Outline of Final Research Achievements

We developed an efficient numerical approach to simulate quantum many-body systems at finite temperatures by combining matrix product states and the random sampling approach. The developed approach has advantages which are present in previous approaches.
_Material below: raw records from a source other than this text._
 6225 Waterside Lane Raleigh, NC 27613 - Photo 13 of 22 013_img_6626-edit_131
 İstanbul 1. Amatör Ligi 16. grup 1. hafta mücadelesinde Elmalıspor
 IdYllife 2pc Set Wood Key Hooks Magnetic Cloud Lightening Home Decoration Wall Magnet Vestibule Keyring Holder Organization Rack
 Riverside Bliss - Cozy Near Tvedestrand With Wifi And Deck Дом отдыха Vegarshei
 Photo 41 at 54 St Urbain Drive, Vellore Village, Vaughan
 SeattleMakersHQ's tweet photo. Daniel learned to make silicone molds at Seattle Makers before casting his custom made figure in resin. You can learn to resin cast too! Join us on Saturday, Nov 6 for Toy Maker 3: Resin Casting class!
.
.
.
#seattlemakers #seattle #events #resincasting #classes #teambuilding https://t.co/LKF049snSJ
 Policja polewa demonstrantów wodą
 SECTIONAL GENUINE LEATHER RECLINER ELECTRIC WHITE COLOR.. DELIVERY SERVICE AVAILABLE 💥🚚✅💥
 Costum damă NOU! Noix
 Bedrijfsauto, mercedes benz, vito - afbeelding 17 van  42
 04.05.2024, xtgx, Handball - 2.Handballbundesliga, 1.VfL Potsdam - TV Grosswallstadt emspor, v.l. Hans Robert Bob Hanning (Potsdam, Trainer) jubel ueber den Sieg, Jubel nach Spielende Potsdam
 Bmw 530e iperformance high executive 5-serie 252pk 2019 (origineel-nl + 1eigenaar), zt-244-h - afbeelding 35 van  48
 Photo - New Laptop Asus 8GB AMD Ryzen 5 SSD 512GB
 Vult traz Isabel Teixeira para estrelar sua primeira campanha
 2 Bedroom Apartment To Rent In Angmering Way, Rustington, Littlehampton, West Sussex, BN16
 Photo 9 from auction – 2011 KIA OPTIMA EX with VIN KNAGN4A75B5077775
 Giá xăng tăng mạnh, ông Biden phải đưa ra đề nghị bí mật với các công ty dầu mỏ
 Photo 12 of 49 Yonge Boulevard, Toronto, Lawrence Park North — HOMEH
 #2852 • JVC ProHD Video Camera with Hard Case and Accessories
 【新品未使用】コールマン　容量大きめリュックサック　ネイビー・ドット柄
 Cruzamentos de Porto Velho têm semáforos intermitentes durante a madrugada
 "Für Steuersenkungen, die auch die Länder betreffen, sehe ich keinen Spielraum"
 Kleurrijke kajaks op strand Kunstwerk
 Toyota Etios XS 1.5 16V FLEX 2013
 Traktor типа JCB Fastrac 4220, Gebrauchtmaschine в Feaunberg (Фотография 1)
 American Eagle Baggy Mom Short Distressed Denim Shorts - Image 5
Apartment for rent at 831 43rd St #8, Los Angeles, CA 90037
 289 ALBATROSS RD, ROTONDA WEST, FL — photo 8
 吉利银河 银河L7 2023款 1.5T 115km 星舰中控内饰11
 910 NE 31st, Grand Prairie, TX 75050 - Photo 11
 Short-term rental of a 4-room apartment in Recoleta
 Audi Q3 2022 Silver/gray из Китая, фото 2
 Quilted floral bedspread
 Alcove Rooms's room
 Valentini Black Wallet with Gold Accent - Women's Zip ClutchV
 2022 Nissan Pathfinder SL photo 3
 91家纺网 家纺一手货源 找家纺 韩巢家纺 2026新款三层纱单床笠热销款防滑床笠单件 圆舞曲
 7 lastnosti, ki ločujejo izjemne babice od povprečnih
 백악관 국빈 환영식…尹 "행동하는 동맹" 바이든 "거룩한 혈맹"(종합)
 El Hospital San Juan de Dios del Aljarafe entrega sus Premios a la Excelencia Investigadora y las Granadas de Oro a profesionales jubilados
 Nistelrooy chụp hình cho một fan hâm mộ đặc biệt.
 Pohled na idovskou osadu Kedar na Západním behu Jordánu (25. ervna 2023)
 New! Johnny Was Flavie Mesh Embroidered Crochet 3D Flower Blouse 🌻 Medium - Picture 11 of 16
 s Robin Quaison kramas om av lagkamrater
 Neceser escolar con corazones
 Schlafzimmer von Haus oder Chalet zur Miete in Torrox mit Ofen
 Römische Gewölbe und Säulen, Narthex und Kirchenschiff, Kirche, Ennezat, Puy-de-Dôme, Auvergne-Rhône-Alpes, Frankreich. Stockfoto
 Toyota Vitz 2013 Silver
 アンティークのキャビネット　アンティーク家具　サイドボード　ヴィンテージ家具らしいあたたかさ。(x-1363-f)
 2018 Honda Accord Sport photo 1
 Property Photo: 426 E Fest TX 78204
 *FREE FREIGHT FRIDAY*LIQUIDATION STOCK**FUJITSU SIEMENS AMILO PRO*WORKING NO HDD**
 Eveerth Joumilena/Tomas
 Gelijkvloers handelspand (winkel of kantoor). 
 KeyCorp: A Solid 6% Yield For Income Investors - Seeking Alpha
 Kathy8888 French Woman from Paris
Besides, we also found the class of random quantum states which would be easily prepared in quantum computers. The quantum states possess enough randomness to efficiently simulate quantum many-body systems at finite temperatures. These results have developed the techniques of simulating quantum many-body systems at finite temperatures on classical computers, and would give useful insight to design an algorithm for simulating quantum many-body systems at finite temperatures on quantum computers.

Free Research Field

量子多体系

Academic Significance and Societal Importance of the Research Achievements

量子多体系の有限温度の数値シミュレーションは化学反応や物質の性質を理解するために非常に有用である。その基礎技術を向上させていくことにはもちろん社会的な意義があるし、また有限温度系の理解を深めるという意味でも学術的な意義がある。また古典計算機のための数値シミュレーションの改良から量子計算機でも有用なことが期待されるシミュレーション手法へとシームレスに発展させることができた。量子計算機の実装が社会的な注目を集めている現況では、量子計算機上で動く可能性があるシミュレーション手法の提案も学術的意義および社会的意義がある。